Use new models endpoint info to determine modalities

2026-06-27 06:41:53 +03:00 · 2026-05-12 17:13:12 -06:00 · 2026-05-12 17:13:12 -06:00 · 2099e1555e
commit 2099e1555e
parent ed4b2cab78
1 changed files with 106 additions and 39 deletions
--- a/frigate/genai/llama_cpp.py
+++ b/frigate/genai/llama_cpp.py
@ -18,6 +18,17 @@ from frigate.genai.utils import parse_tool_calls_from_message
 logger = logging.getLogger(__name__)


+def _parse_launch_arg(args: list[str], flag: str) -> str | None:
+    """Return the value following `flag` in a positional argv list, or None."""
+    try:
+        idx = args.index(flag)
+    except ValueError:
+        return None
+    if idx + 1 >= len(args):
+        return None
+    return args[idx + 1]
+
+
 def _to_jpeg(img_bytes: bytes) -> bytes | None:
    """Convert image bytes to JPEG. llama.cpp/STB does not support WebP."""
    try:
@ -71,26 +82,69 @@ class LlamaCppClient(GenAIClient):
            base_url = base_url.replace("/v1", "")  # Strip /v1 if included in base_url

        configured_model = self.genai_config.model
+        info = self._get_model_info(base_url, configured_model)

-        # Query /v1/models to validate the configured model exists
+        if info is None:
+            return None
+
+        self._context_size = info["context_size"]
+        self._supports_vision = info["supports_vision"]
+        self._supports_audio = info["supports_audio"]
+        self._supports_tools = info["supports_tools"]
+        self._media_marker = info["media_marker"]
+
+        logger.info(
+            "llama.cpp model '%s' initialized — context: %s, vision: %s, audio: %s, tools: %s",
+            configured_model,
+            self._context_size or "unknown",
+            self._supports_vision,
+            self._supports_audio,
+            self._supports_tools,
+        )
+
+        return base_url
+
+    def _get_model_info(
+        self, base_url: str, configured_model: str
+    ) -> dict[str, Any] | None:
+        """Resolve model metadata from /v1/models with /props fallback.
+
+        Returns a dict of capability fields, or None if the server's model
+        registry was reachable and reported the configured model as missing.
+        A reachable-but-unparseable /v1/models is treated as soft-pass and
+        falls through to /props, matching prior behavior.
+
+        After ggml-org/llama.cpp#22952, /v1/models exposes per-model
+        `architecture.input_modalities` (text/image/audio) — the primary
+        source.
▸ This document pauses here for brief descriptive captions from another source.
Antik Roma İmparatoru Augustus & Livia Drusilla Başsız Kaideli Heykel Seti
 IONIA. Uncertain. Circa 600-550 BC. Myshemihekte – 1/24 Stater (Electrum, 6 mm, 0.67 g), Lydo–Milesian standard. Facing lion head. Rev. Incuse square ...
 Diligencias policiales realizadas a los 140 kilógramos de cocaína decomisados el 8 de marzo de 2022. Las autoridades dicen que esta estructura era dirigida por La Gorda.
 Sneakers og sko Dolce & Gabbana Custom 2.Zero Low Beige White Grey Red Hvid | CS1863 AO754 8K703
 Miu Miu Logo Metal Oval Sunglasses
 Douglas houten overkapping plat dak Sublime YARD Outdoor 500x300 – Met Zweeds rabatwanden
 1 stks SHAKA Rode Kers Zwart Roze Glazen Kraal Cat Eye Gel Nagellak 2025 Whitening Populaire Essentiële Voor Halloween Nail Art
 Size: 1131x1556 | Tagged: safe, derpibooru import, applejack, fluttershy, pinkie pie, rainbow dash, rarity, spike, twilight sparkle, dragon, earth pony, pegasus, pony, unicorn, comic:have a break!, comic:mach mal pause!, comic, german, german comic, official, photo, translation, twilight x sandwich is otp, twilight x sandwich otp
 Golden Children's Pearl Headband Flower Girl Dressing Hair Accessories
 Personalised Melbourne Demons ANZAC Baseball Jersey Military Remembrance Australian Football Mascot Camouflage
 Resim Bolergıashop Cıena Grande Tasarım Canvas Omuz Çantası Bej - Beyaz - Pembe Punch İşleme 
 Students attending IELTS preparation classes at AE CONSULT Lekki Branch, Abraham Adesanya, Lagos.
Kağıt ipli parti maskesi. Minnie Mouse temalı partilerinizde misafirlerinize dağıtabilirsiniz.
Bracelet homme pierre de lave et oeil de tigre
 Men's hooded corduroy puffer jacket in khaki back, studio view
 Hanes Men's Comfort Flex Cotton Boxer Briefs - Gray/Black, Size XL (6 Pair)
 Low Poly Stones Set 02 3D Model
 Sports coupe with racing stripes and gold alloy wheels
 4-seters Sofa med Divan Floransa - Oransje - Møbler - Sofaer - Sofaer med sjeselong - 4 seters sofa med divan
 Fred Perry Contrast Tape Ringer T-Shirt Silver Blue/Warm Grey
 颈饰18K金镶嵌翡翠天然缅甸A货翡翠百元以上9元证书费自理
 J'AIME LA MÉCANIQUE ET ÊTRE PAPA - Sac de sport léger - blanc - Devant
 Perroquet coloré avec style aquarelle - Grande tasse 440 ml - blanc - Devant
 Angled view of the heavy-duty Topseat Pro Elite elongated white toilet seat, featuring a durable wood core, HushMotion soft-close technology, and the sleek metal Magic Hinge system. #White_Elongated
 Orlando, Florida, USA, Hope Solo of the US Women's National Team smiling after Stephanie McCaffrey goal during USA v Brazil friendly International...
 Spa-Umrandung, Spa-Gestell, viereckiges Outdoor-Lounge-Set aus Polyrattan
When proxied through llama-swap, the same entry carries
+        `status.args` (server launch argv) and, for the loaded model,
+        `meta.n_ctx`. /props remains the only source for `media_marker`,
+        which the server randomizes per startup unless LLAMA_MEDIA_MARKER
+        is set.
+        """
+        info: dict[str, Any] = {
+            "context_size": None,
+            "supports_vision": False,
+            "supports_audio": False,
+            "supports_tools": False,
+            "media_marker": "<__media__>",
+        }
+
+        model_entry: dict[str, Any] | None = None
        try:
-            response = requests.get(
-                f"{base_url}/v1/models",
-                timeout=10,
-            )
+            response = requests.get(f"{base_url}/v1/models", timeout=10)
            response.raise_for_status()
            models_data = response.json()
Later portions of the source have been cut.